Security and Availability

Recovery Service implements the following security best practices to safeguard backup data.

Tenancy Isolation

The Recovery Service infrastructure is located in an Oracle-managed tenancy which prevents direct access and provides a logical air gap between the backups and the database in your tenancy. The backup automation process leverages a private endpoint which provides a encrypted communication channel that only allows RMAN backup data to be sent and received.

Backup Encryption

Recovery Service enforces backup encryption. Any unencrypted backup data will be rejected by the service. All backups, which include operational backups and long-term retention (LTR) backups, must be encrypted using Transparent Data Encryption (TDE). Backups remain encrypted throughout the backup life cycle and the encryption keys are managed by the database service or the customer. Recovery Service does not have access to the encryption keys.

High-Availability

Recovery Service is built on Oracle Engineered Systems, which provides a fast, scalable, fault-tolerant infrastructure with enhanced security. The infrastructure is deployed in a manner which ensures that backups are located at two physical locations in a region.

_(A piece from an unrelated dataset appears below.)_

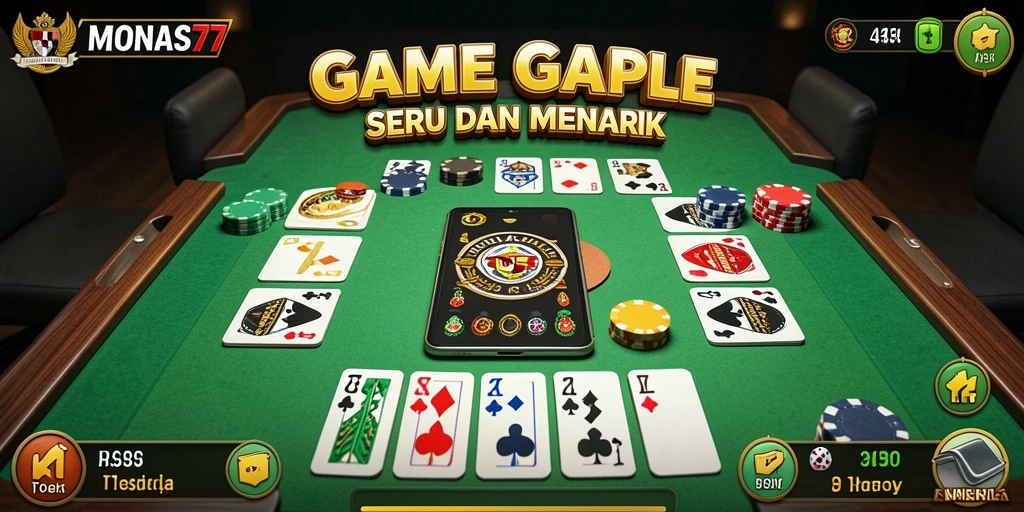 Screenshot MONAS77 menampilkan gameplay Gaple yang seru dan interaktif.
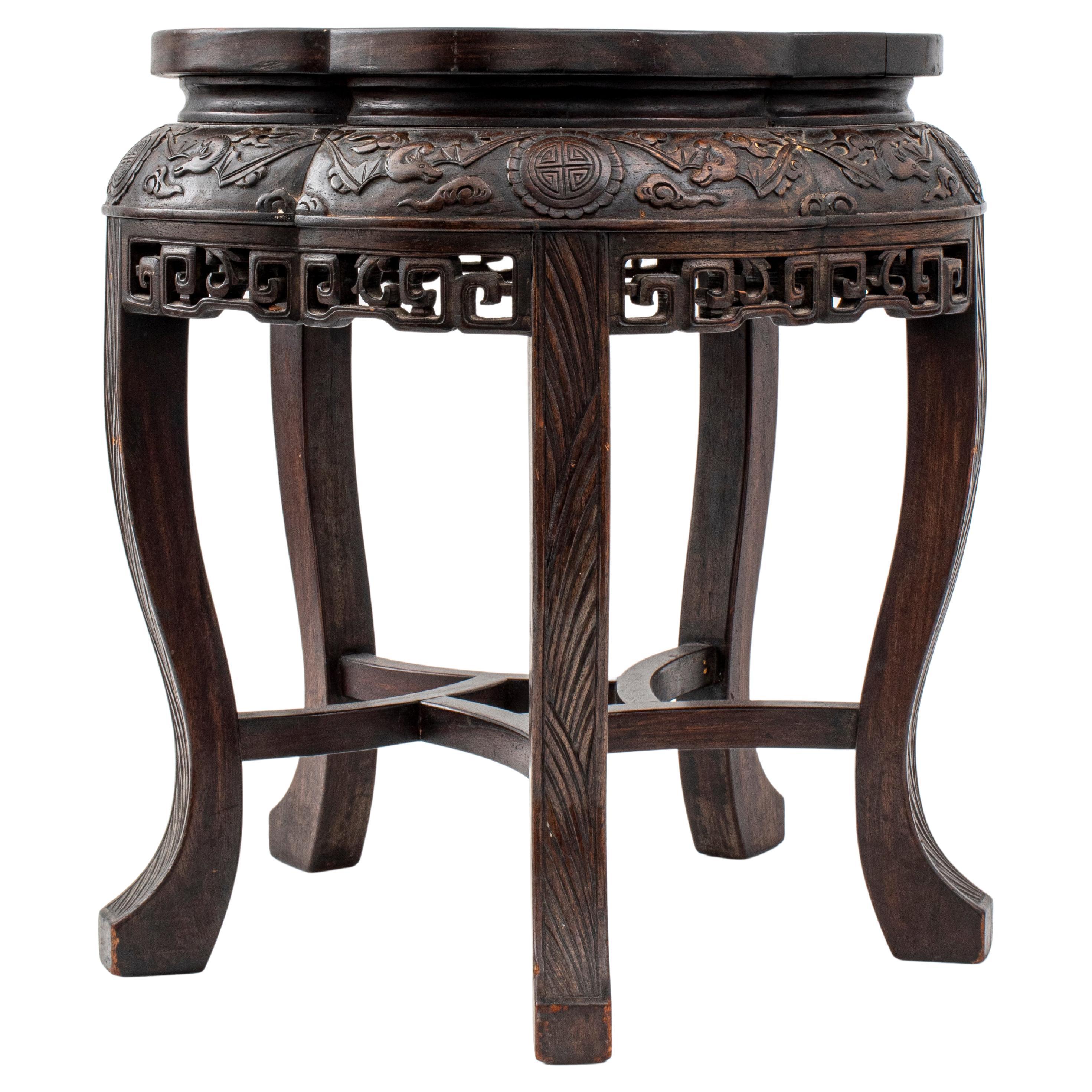 Chinese Carved Hardwood Floriform Table For Sale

This ensures that backup and restore operations are highly available.

OCI Identity and Access Management (IAM) Integration with Recovery Service

Identity and Access Management (IAM) enables granular role-based access control. You can configure OCI policies to only allow specific users to access Recovery Service resources.

Observability and Management

Recovery Service is integrated with OCI Observability and Management which allows Metrics Explorer to display historical backup metrics. You can configure alarms to help ensure that the backups are meeting your service level agreements.